Refactor TopoDiff recipe to use diffusion framework by CharlelieLrt · Pull Request #1562 · NVIDIA/physicsnemo

CharlelieLrt · 2026-04-10T21:07:29Z

PhysicsNeMo Pull Request

Description

Checklist

I am familiar with the Contributing Guidelines.
New or existing tests cover these changes.
The documentation is up to date with these changes.
The CHANGELOG.md is up to date with these changes.
An issue is linked to this pull request.
If I am implementing a new model or modifying any existing model, I have followed the Models Implementation Coding Standards.

Dependencies

Review Process

All PRs are reviewed by the PhysicsNeMo team before merging.
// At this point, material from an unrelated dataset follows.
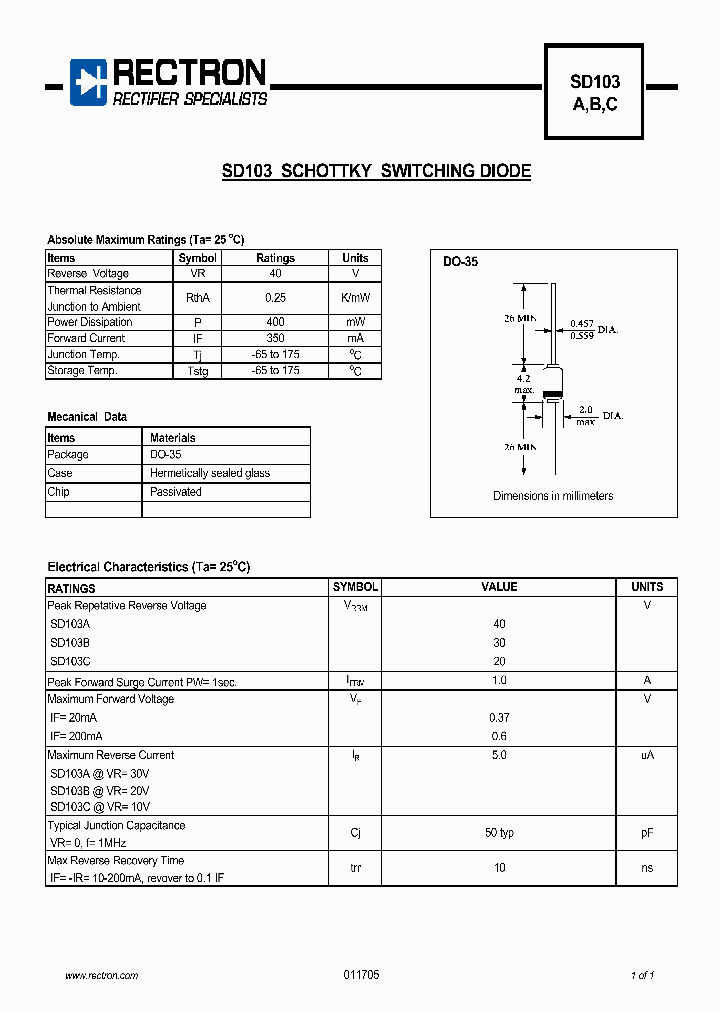 SD103_580427.PDF Datasheet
Depending on which files are changed, GitHub may automatically assign a maintainer for review.

We are also testing AI-based code review tools (e.g., Greptile), which may add automated comments with a confidence score.
This score reflects the AI’s assessment of merge readiness and is not a qualitative judgment of your work, nor is
it an indication that the PR will be accepted / rejected.
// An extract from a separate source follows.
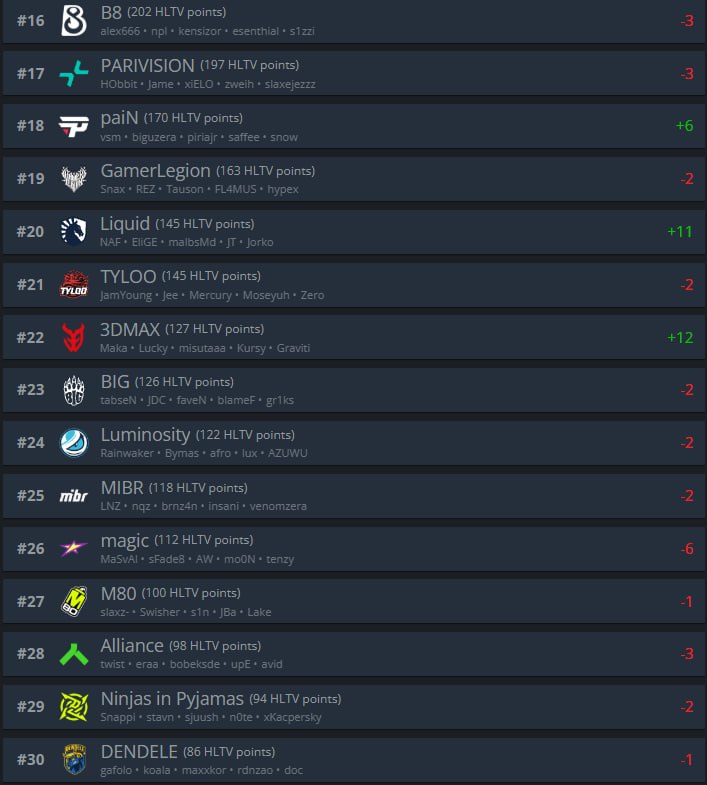 Spirit вернули себе звание топ-3 команды мира по версии HLTV!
AI-generated feedback should be reviewed critically for usefulness.
You are not required to respond to every AI comment, but they are intended to help both authors and reviewers.
Please react to Greptile comments with 👍 or 👎 to provide feedback on their accuracy.

greptile-apps · 2026-04-10T21:11:20Z

Greptile Summary

This PR refactors the TopoDiff example scripts to use the physicsnemo.diffusion framework, replacing the custom Diffusion class with DDPMLinearNoiseScheduler, MSEDSMLoss, DPSScorePredictor, and the framework sample() loop. New adapters (DDPMSolver, ClassifierGuidance) and a component test file are added in utils.py and test_components.py.
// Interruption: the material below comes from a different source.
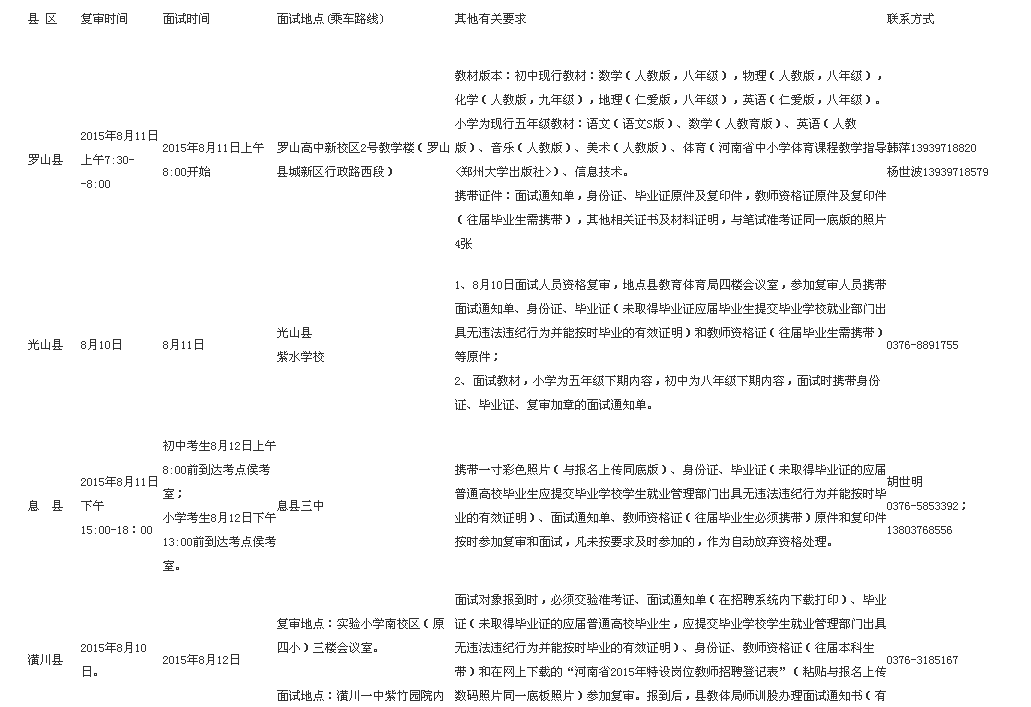 名单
There are two P1 bugs affecting training correctness:

Double normalization in train_classifier.py and train_regressor.py: both scripts normalize pixel values to [-1, 1] before the training loop and then apply the same * 2 - 1 transform again inside the loop, producing a [-3, 1] input range throughout training.

Important Files Changed

Filename	Overview
examples/generative/topodiff/inference.py	Replaces hand-rolled DDPM loop with DPSScorePredictor + DDPMSolver + framework sample(); gradient flow preserved via torch.inference_mode(False); plotting improved to handle dynamic batch sizes.
examples/generative/topodiff/utils.py	Adds DDPMLinearNoiseScheduler, DDPMSolver, and ClassifierGuidance adapters wrapping the new diffusion framework; DDPMSolver stochastic noise check uses .sum() which is fragile, and timesteps() has a div-by-zero edge case when num_steps=1.
examples/generative/topodiff/train.py	Replaces old Diffusion class with MSEDSMLoss + DDPMLinearNoiseScheduler; license header has a stray "cd .." appended.
examples/generative/topodiff/train_classifier.py	Replaces manual noise injection with noise_scheduler.add_noise(); contains a double-normalization bug: images are mapped [0,1]→[-1,1] at load time, then the same transform is applied again inside the training loop, producing a [-3,1] range.
examples/generative/topodiff/train_regressor.py	Same double-normalization as train_classifier.py: topologies are scaled [0,1]→[-1,1] before the loop, then scaled again inside the loop, yielding an incorrect [-3,1] range for training.
examples/generative/topodiff/test_components.py	New test file that validates scheduler, noise, epsilon round-trips, DDPMSolver, MSEDSMLoss, and sample() against the original Diffusion class; well-structured and covers the key refactored components.

Comments Outside Diff (3)

examples/generative/topodiff/train_classifier.py, line 79-81 (link)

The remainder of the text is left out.